Blackrock (Irlanda), 30 giugno 2026 – L'organizzazione internazionale per i diritti umani Front Line Defenders ha espresso forte preoccupazione per il rapido peggioramento delle condizioni di salute dell'attivista e prigioniero politico saharawi Naama Abdi Moussa Asfari, giunto alla terza settimana di sciopero della fame a tempo indeterminato, iniziato l'8 giugno 2026 per protestare contro la sua detenzione e chiedere il rispetto dei propri diritti fondamentali.
In una dichiarazione diffusa il 29 giugno, l'organizzazione descrive Asfari come uno dei più autorevoli difensori dei diritti umani saharawi. Vicepresidente del Comitato per la Libertà e il Rispetto dei Diritti Umani nel Sahara Occidentale (CORELSO), Asfari è da anni impegnato nella documentazione delle violazioni dei diritti umani nei territori occupati del Sahara Occidentale e nella difesa del diritto del popolo saharawi all'autodeterminazione.
Front Line Defenders ricorda che Asfari, membro del gruppo di Gdeim Izik, fu arrestato il 7 novembre 2010, alla vigilia dello smantellamento del celebre accampamento di protesta. Secondo l'organizzazione, durante i primi giorni di detenzione fu sottoposto a isolamento, bendato e ammanettato, e costretto a firmare dichiarazioni e confessioni estorte sotto tortura, successivamente utilizzate nel procedimento che ha portato, nel 2017, alla sua condanna a trent'anni di reclusione da parte delle autorità marocchine.
L'organizzazione sottolinea inoltre che, prima di avviare lo sciopero della fame a tempo indeterminato, Asfari aveva già effettuato tre scioperi della fame di 48 ore nel maggio 2026, senza ottenere alcuna risposta dalle autorità marocchine. La protesta attuale, precisa la dichiarazione, mira a sollecitare l'attuazione del parere emesso nel 2023 dal Gruppo di lavoro delle Nazioni Unite sulla detenzione arbitraria, che ha chiesto la cessazione della sua detenzione.
Secondo Front Line Defenders, il difensore saharawi è attualmente ricoverato nell'infermeria del carcere di Kenitra in condizioni particolarmente restrittive.

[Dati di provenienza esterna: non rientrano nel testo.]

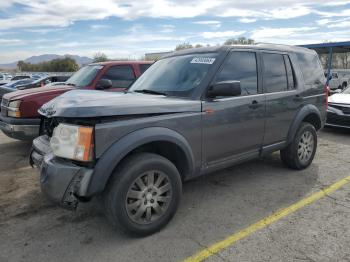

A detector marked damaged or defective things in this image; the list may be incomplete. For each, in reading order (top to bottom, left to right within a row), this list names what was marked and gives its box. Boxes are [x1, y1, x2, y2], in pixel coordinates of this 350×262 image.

Gli sarebbe consentita soltanto un'ora al giorno di permanenza all'aria aperta e sarebbe privato di beni essenziali, tra cui una lampada, un tavolo e una sedia. L'organizzazione riferisce inoltre che Asfari avrebbe già perso circa cinque chilogrammi dall'inizio dello sciopero della fame, un dato che alimenta le preoccupazioni sul suo stato di salute.
Alla luce dell'aggravarsi della situazione, Front Line Defenders denuncia le segnalazioni di presunta negligenza medica, rappresaglie e altre forme di maltrattamento nei confronti del prigioniero politico saharawi. L'organizzazione invita le autorità marocchine a garantire con urgenza l'accesso a cure mediche adeguate, indipendenti e specialistiche, scelte dal detenuto, nonché ad assicurare la sua integrità fisica e psicologica durante il periodo di detenzione.
Nel documento viene inoltre chiesto di garantire a tutti i difensori dei diritti umani saharawi il regolare accesso ai familiari, agli avvocati e alle necessarie cure sanitarie. Front Line Defenders sollecita infine l'apertura di indagini tempestive, indipendenti e imparziali su tutte le denunce di tortura e maltrattamenti, l'accertamento delle responsabilità dei presunti autori e l'esclusione dai procedimenti giudiziari di qualsiasi prova o confessione ottenuta mediante tortura, in conformità con gli obblighi internazionali del Marocco derivanti dalla Convenzione delle Nazioni Unite contro la tortura.
L'organizzazione conclude ribadendo la necessità che tutti i difensori dei diritti umani, nel Sahara Occidentale e altrove, possano svolgere il proprio lavoro in piena libertà e sicurezza, senza il rischio di detenzioni arbitrarie, persecuzioni giudiziarie, intimidazioni o altre forme di rappresaglia.